December 26, 2024
Should You Cut Them Off?
Should you cut them off? Ending a relationship with a bad friend, bad lover or bad family member is extremely difficult, but I'm here to give you the courage and confidence to move forward without them.
These words are heavy, and I’m writing for the people who’ve already spent months delaying the inevitable.
You’ve spent months ignoring the truth.
You’ve spent months enduring the hurt.
Sometimes you need to end things because sometimes people don’t listen.
Sometimes you need to end things because people aren’t capable of getting better.

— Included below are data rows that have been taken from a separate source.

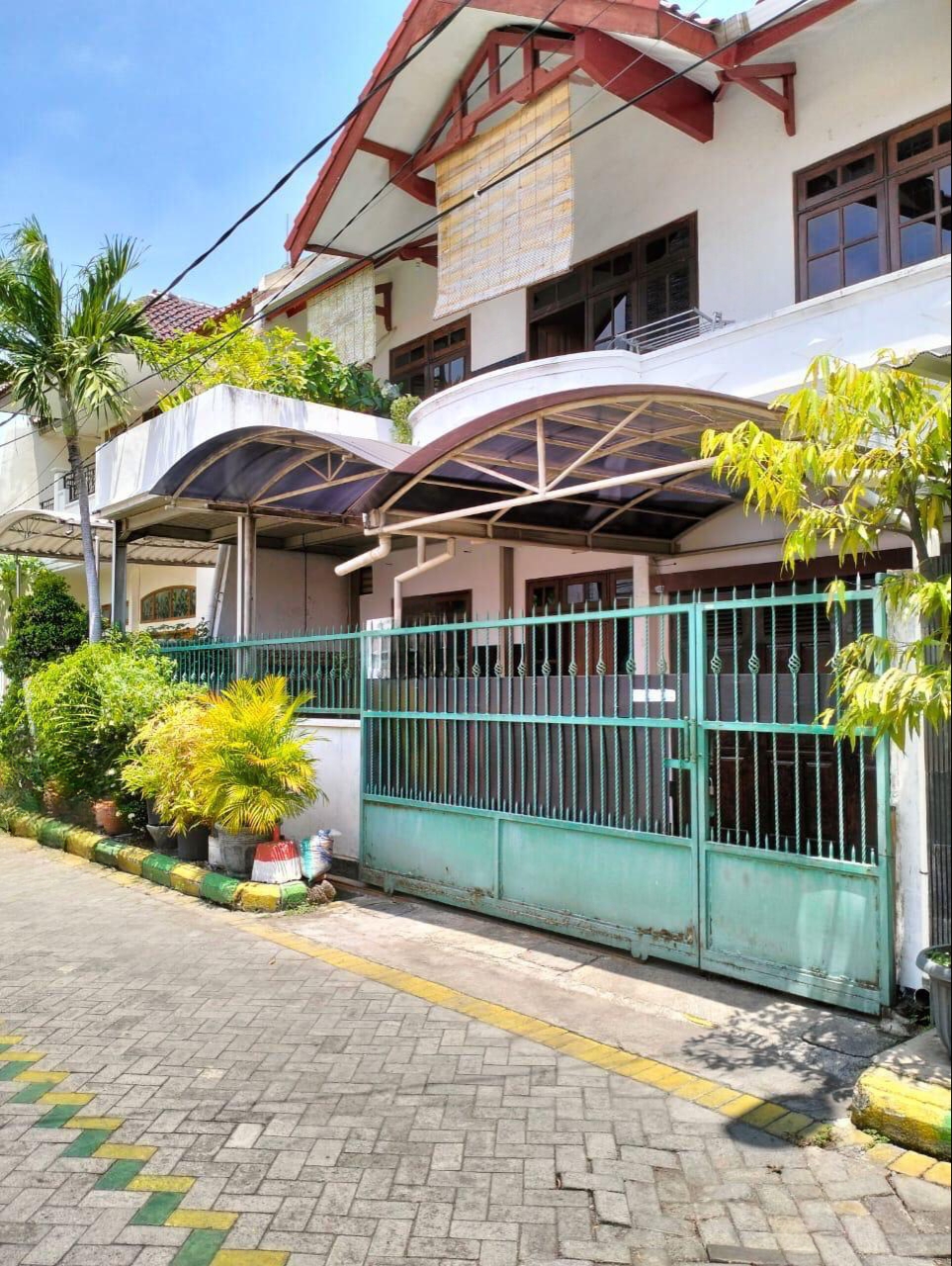 Dijual Rumah Nyaman Strategis di Gubeng Kertajaya Surabaya Timur - Image 1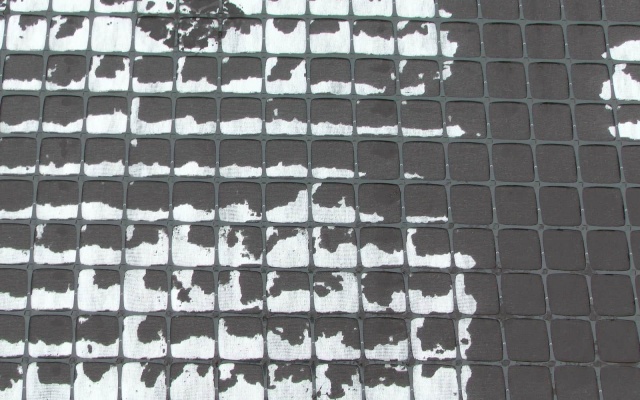 Vyztužení vrstev parkoviště v areálu Škoda v Mladé Boleslavi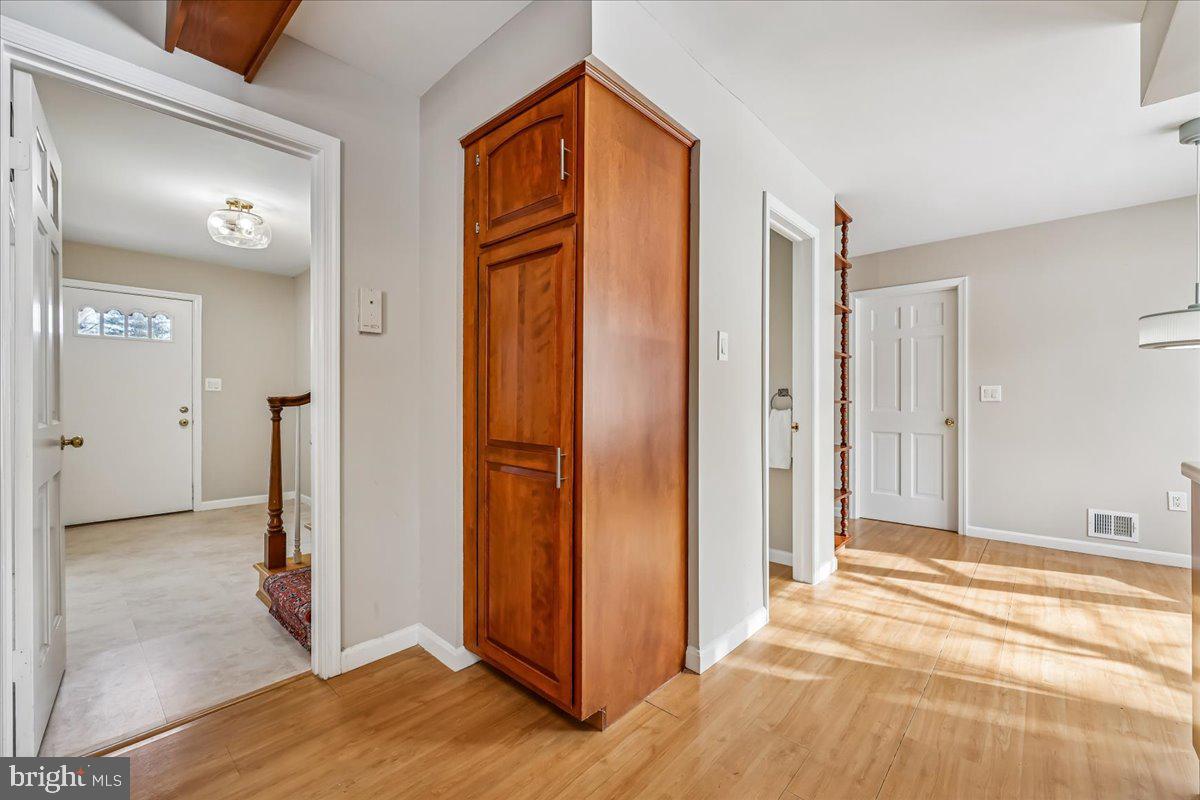 ANCIENT OAK - Residential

Sometimes there’s a history of mistreatment or manipulation which leaves you feeling trapped or unable to make positive life changes - this is the worst kind of relationship: chronic conflict, perpetual unsafety, week after week of disrespectful interactions.
No matter the truth of your bad situation, it’s very difficult to consider cutting somebody off unless you know you’ll be able to get out without getting sucked back into unconscious dynamics, trauma bonds or otherwise being plagued and pestered by their lingering presence - you can mute their messages, but you can’t mute their presence in your psyche.
You’ve got too much history, too many threads, and it won’t be easy to untangle the mess you’ve made together… but that doesn’t mean you shouldn’t make an effort to pause and reflect on the health of your relationship for 2025 and beyond.
Practically speaking, if you’re attempting to initiate and maintain a permanent boundary, then I want you to remember that the breakup process is likely to be far more messy than simply telling people what you do or do not want to happen and expecting them to respectfully follow your wishes - most people don’t listen, they usually stay the same, and sometimes they get worse.
The truth is brutal, but you shouldn’t expect the other person to magically enter into their best behaviour during the breakup.
My best, most practical advice for anybody who is thinking about creating permanent relationship boundaries is to systematically withdraw your projections and scattered energetic investments.
Let the dream die, and start focusing your energy on improving your self esteem and self respect as your enduring, and top priority.
Get your finances and practical affairs in order, but don’t rush into the difficult conversation if you need time to prepare.
You can pull off this transition, and you’ll need skill and faith to get through to the other side.
Genuine self love and self respect are a life-changing inner work, and I want you to feel like you care enough about yourself to do the difficult boundary building and prioritise your own best intentions for 2025.
This won’t be a quick process - it will take months to maintain the healthy distance and put yourself back together - but I’m writing these words to encourage the people who’ve forgotten the feeling of safety and empowerment in their relationship.
Check the comments for support.
Share your story.
We got this.
Jordan
P.S. If you’re not going to end it, then fix it.